Collected data
• • • • •
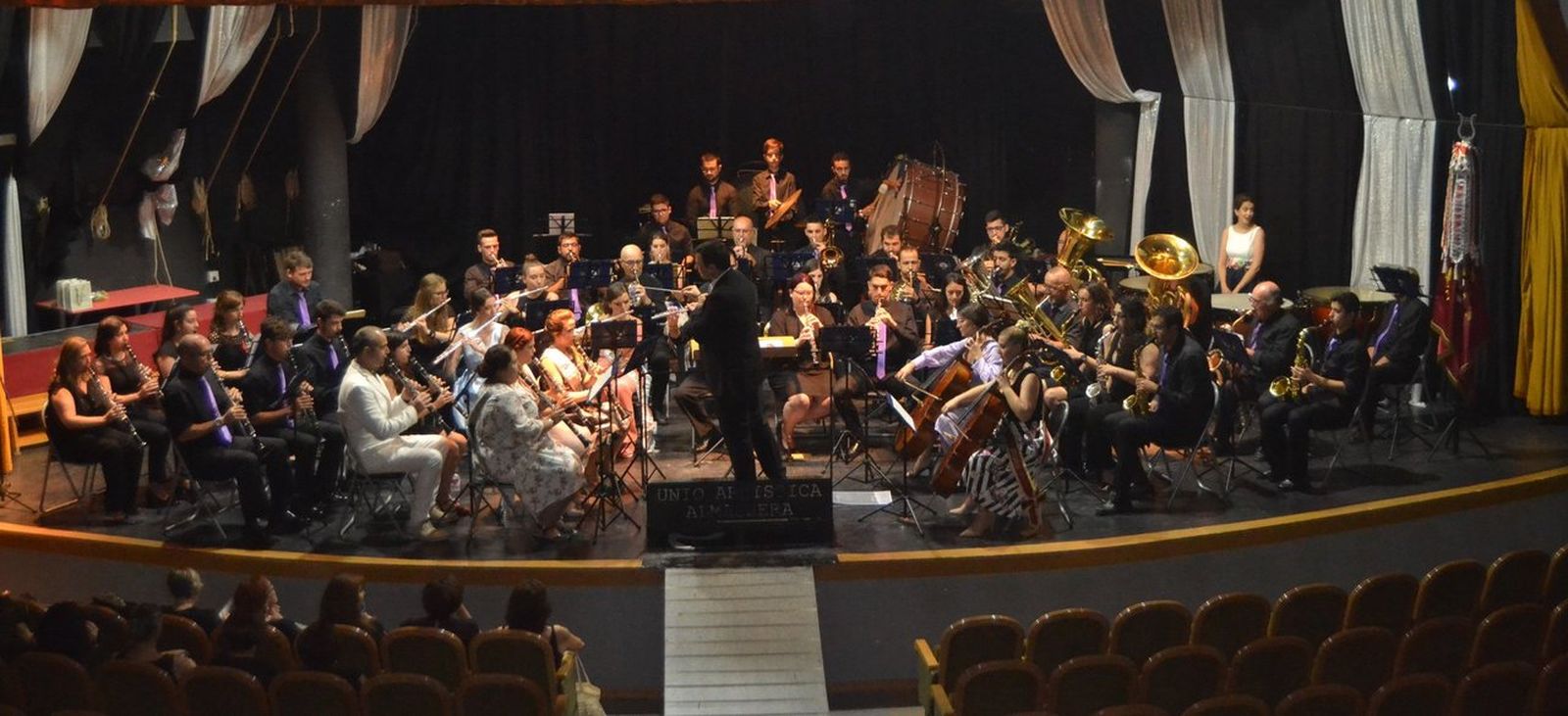 17.11.2019 | De banda a banda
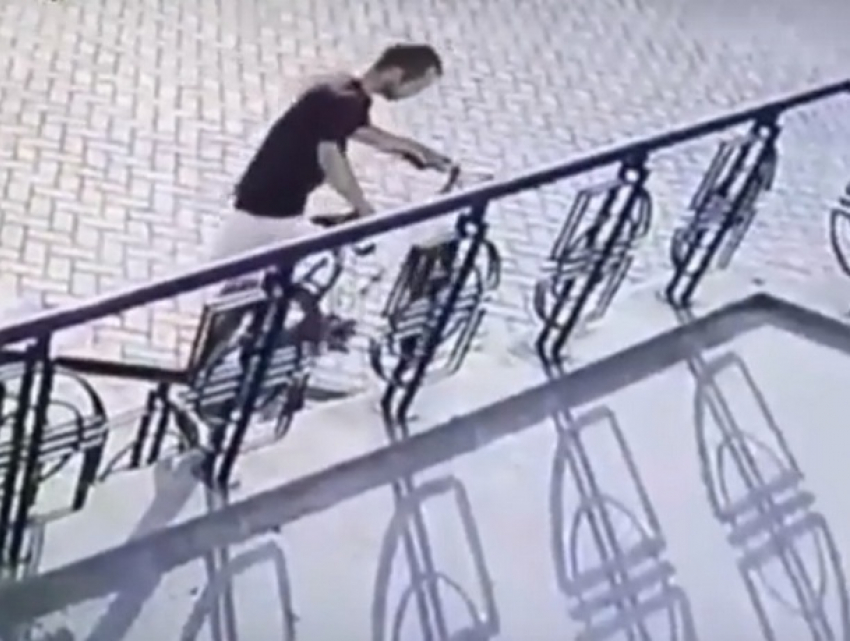 Серийный похититель велосипедов в столице попал на видео 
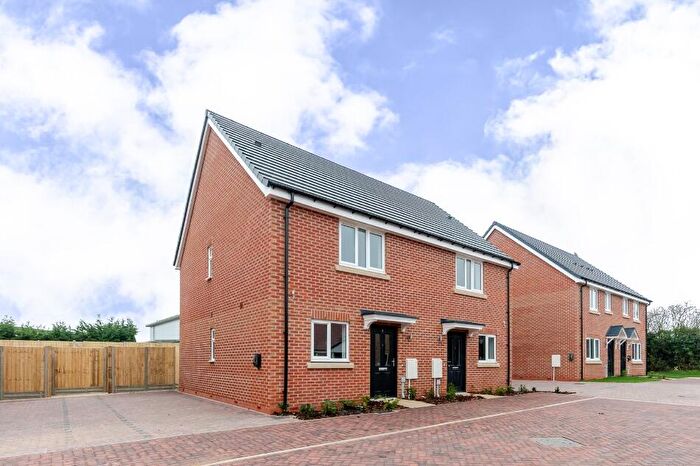 2 Bedroom Semi-Detached House For Sale In Queen Elizabeth Close, Louth, LN11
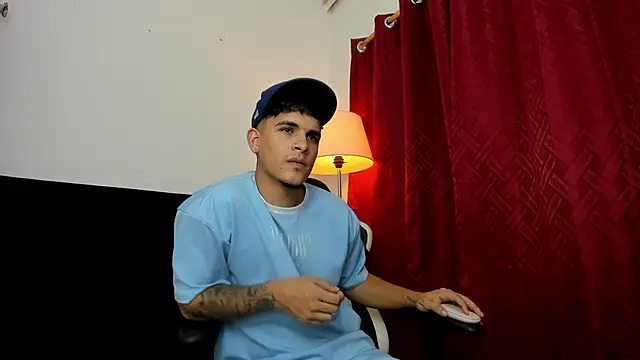 Snapshot of Evan_stoner chatting on September 2025 01:32:02 AM Evan stoner online show from September 2025 01:32:02 AM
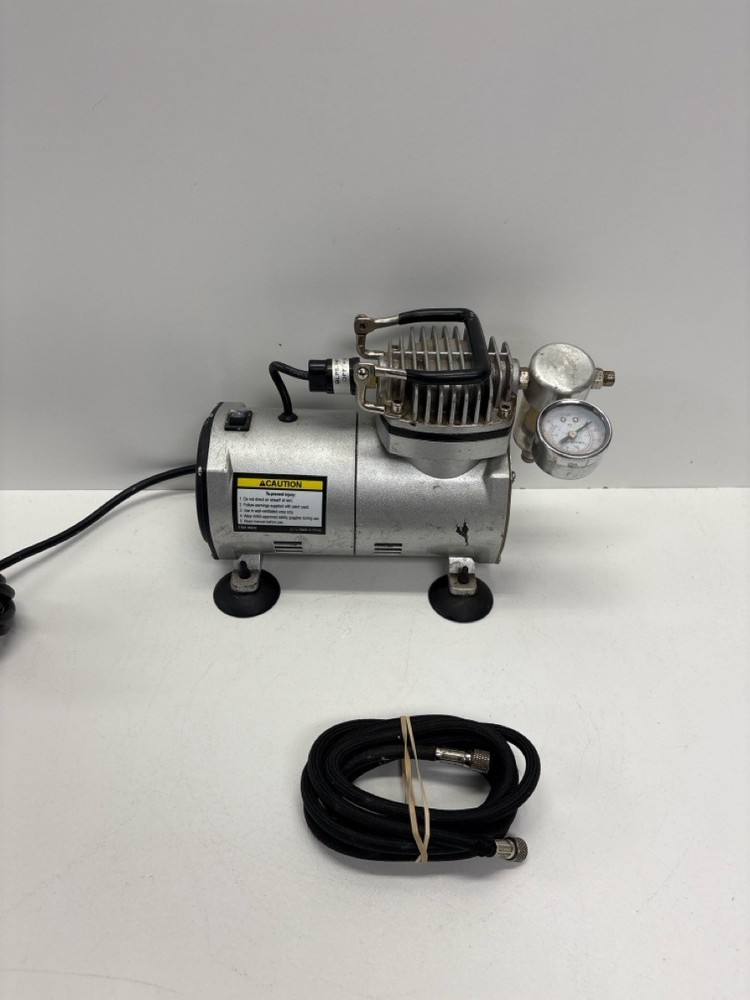 Central Pneumatic Mini Air Compressor (P08033468)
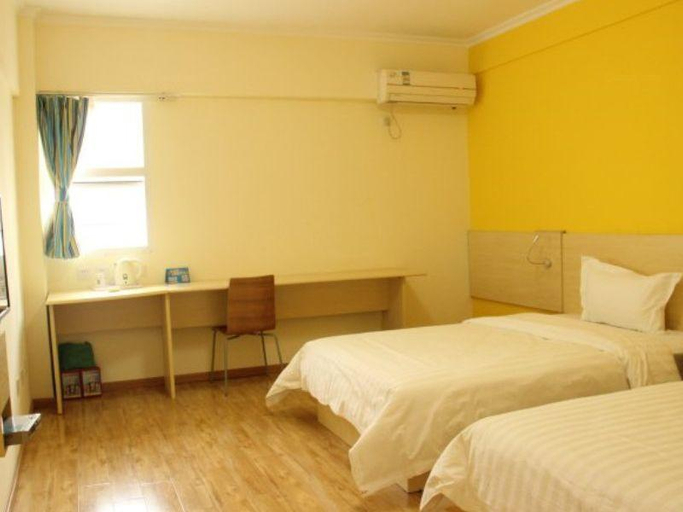 Bedroom 5, 7 Days Inn Chengdu Huaxi Yulin Provincial Stadium Metro Station, Chengdu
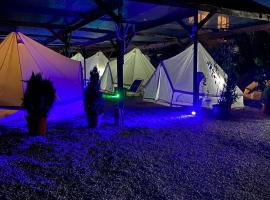 Aurora Glamping，位于旧瓦马的豪华帐篷营地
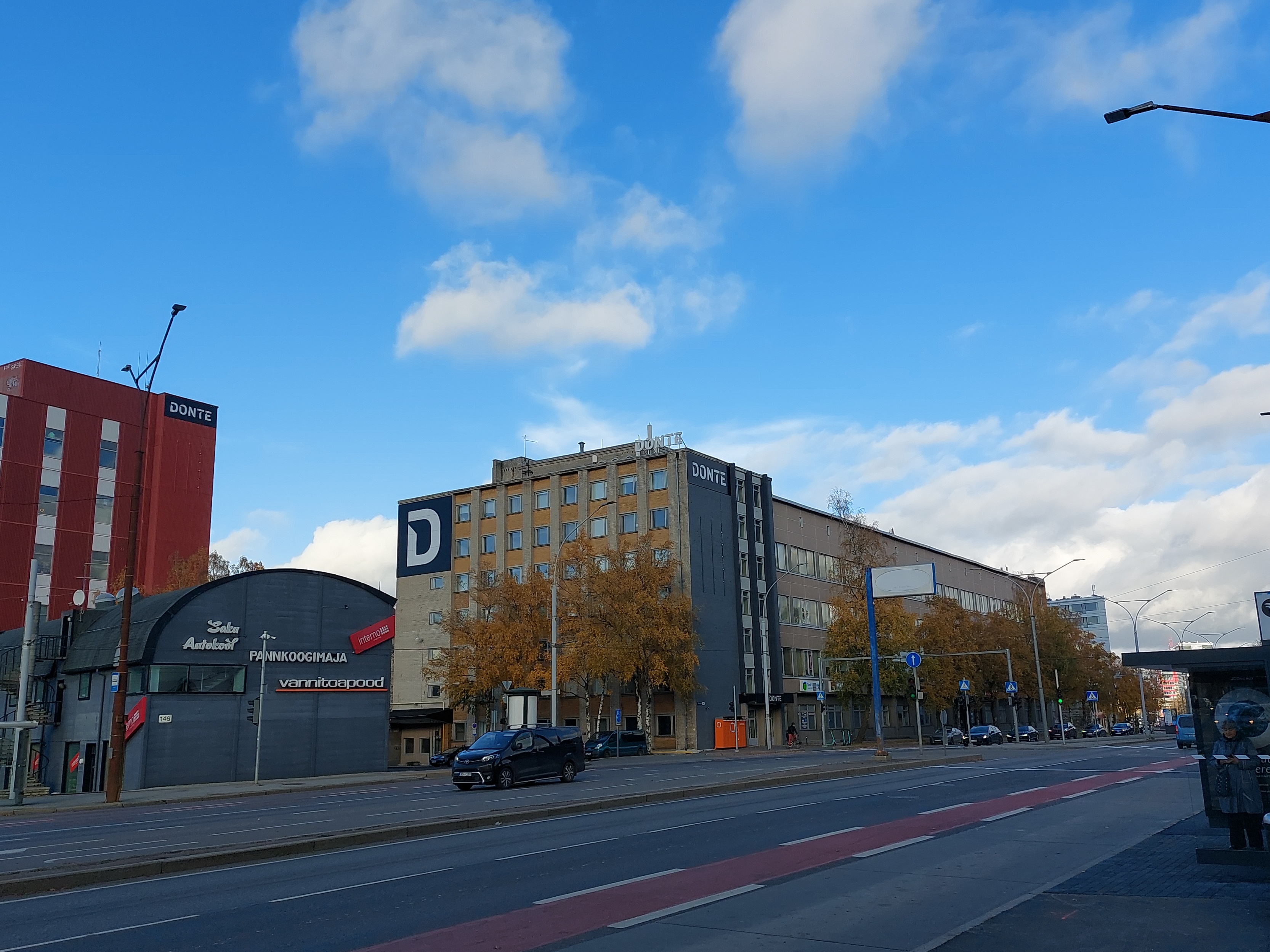 View of the crossing of Pärnu highway and Kohila Street. rephoto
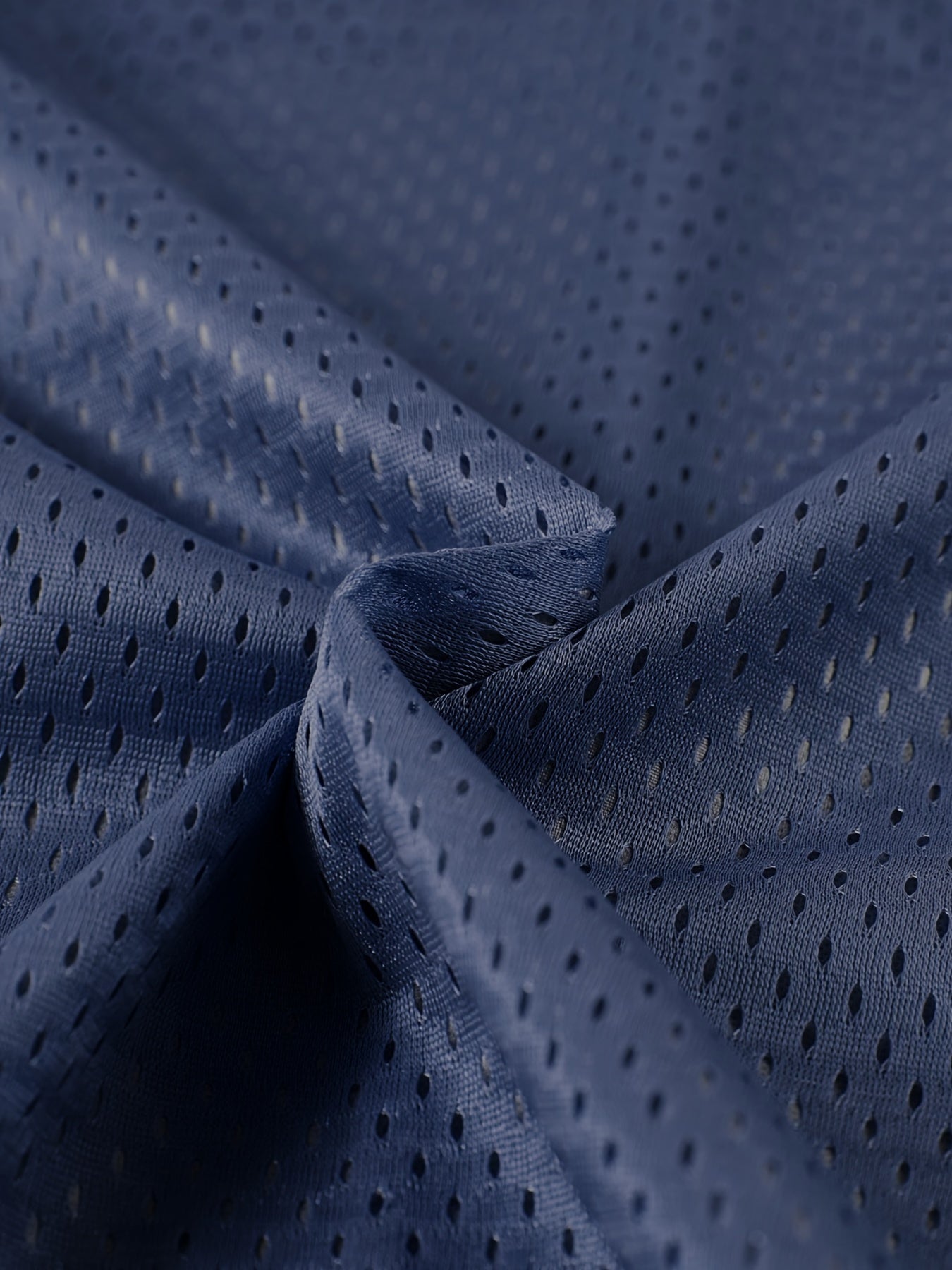 Men's Sleeveless Polyester Jacket with Zipper Pockets Stand Collar for Outdoor Activities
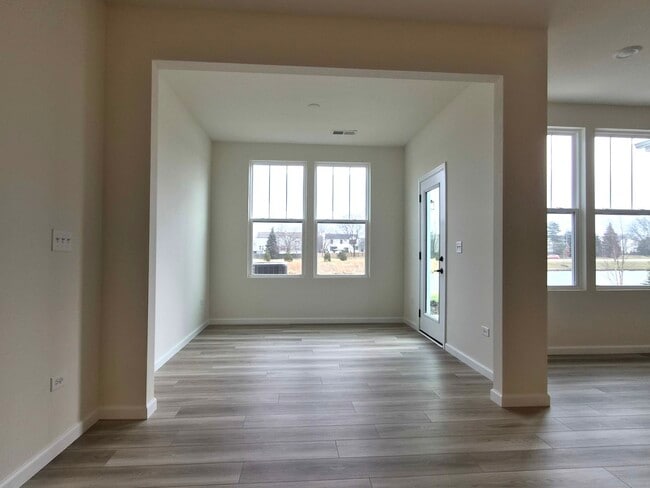 Building Photo - 24412 W Alexis Ln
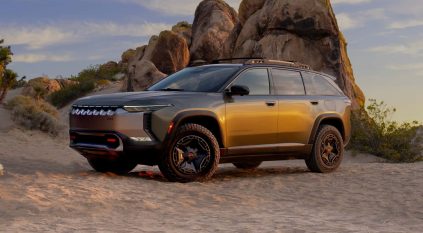 جيب تحمس عشاقها لسيارتها الكهربائية الجديدة Wagoneer S Trailhawk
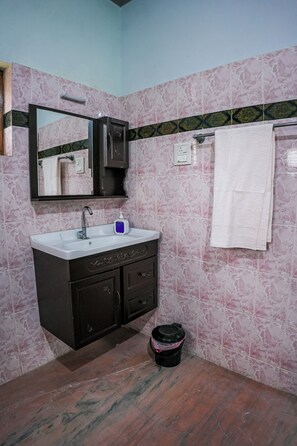 Bathroom - Athira Homestay - Your Peaceful Home Away From Home (Kollengode)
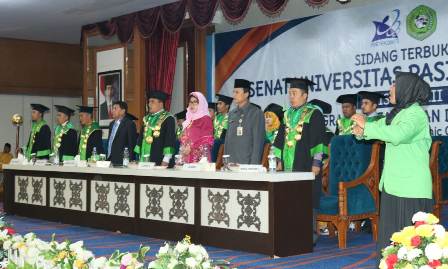 UPP Wisuda â€Ž558 Mahasiswa/i dari 6 Fakultas dengan 15 Prodi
• • • • •
▶ **WHAT TO PRODUCE**: What is needed is an exact repetition of every line from the line with "View of the" to the end of the data above, both ends included, with no pictures.

▶ **YOUR RESPONSE**:
 View of the crossing of Pärnu highway and Kohila Street. rephoto
 Men's Sleeveless Polyester Jacket with Zipper Pockets Stand Collar for Outdoor Activities
 Building Photo - 24412 W Alexis Ln
 جيب تحمس عشاقها لسيارتها الكهربائية الجديدة Wagoneer S Trailhawk
 Bathroom - Athira Homestay - Your Peaceful Home Away From Home (Kollengode)
 UPP Wisuda â€Ž558 Mahasiswa/i dari 6 Fakultas dengan 15 Prodi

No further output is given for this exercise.